Today's entry was inspired by "Supernatural" -- no, not the 1933 film that was Carole Lombard' lone journey into horror, but the long-running TV series of the same name on the CW network that begins its 15th and final season this fall.

The series chronicles the exploits of brothers Sam and Dean Winchester, who hunt monsters and demonic creatures while in alliance (and/or opposition) with angels, witches and other phenomena. (One of them killed their mother.) Arguably the CW's signature show, "Supernatural" draws a relatively small but extremely passionate audience who have followed the brothers through more than 300 episodes.

I live with a friend who avidly follows the series on DVD. From watching episodes of earlier seasons, it reminds me of another well-done show I watched 20 years ago, "Xena: Warrior Princess," in that it can go in all sorts of directions, from deadly serious drama to clever, off-beat comedy.

So where does this "Supernatural" tie in with Lombard? At the Facebook site "CAROLE LOMBARD !!!", the old "cast actors to portray Clark Gable and Carole Lombard in a biopic" game came up, and one suggested candidate for Clark was Jensen Ackles, who plays Dean Winchester and is now 40.

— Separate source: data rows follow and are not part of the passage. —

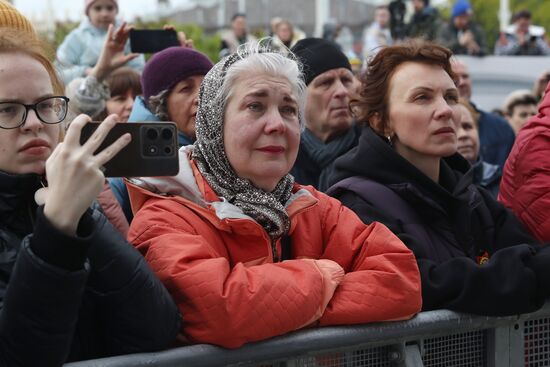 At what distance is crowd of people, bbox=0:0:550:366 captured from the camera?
6.39 feet

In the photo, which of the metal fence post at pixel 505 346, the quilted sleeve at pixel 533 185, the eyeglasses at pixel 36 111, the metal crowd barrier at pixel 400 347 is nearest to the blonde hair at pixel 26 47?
the eyeglasses at pixel 36 111

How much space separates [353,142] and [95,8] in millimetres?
2713

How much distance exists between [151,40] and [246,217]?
9.48ft

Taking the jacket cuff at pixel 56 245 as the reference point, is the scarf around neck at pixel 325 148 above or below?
below

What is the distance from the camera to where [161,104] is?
4258 millimetres

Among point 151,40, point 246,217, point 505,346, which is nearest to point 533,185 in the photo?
point 505,346

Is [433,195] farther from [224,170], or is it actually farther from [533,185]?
[224,170]

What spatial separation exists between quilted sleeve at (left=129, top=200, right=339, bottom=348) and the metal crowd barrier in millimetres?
45

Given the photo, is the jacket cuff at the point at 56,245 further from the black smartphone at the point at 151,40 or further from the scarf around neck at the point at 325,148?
the black smartphone at the point at 151,40

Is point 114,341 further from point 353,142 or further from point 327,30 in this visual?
point 327,30

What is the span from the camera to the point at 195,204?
2.57 m

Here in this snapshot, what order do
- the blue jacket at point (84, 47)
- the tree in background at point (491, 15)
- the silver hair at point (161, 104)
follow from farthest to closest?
the tree in background at point (491, 15), the blue jacket at point (84, 47), the silver hair at point (161, 104)

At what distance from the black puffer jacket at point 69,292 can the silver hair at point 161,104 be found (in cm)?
203

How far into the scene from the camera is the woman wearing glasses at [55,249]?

As for the Lombard sweepstakes, the names Emma Stone and Kristin Bell were brought up:

All well and good, but as we all know, this is territory that was explored some 43 years ago, and not very well in most people's eyes (https://carole-and-co.livejournal.com/47604.html).

So despite good intentions, one might understand why producers would not want to try a new version of "Gable And Lombard," even with a much stronger script and more vivid portrayals of Clark and Carole.

So instead, why not explore another part of Lombard's life?

Lombard's relationship with William Powell wasn't out of a fairy tale, though to many it seemed that way when they married in June 1931. Some 26 months later, they split, though Carole's claims of cruelty in the brief divorce proceedings were likely overblown; later in 1933, they regularly dated. Powell, by now romancing Jean Harlow, recommended Lombard for the female lead in "My Man Godfrey" in 1936, perhaps her biggest big-screen success. Following Harlow's sudden passing and Bill's serious illness, Carole was among the friends who gradually guided him back to health.

Even after she married Gable in 1939 and he wed Diana Lewis the following year, they remained close, as this 1940 picture of them dancing at Ciro's made clear:

Lombard and Powell aren't linked for posterity, unlike Carole and Clark; in fact, many classic movie fans aren't aware they had been married, or even been a couple. However, the complex nature of their relationship more than 80 years ago, and why they stayed close following their split, may have something to say to a society where divorces are far more common.

A movie about Carole and Bill would probably be tailored for the indie, art-house crowd. The number-one question would be, who would play Powell? There's really no name actor today who evokes his suave, urbane personality (not even George Clooney). Perhaps there's an unknown who possesses such qualities; it sure would be fun to find him.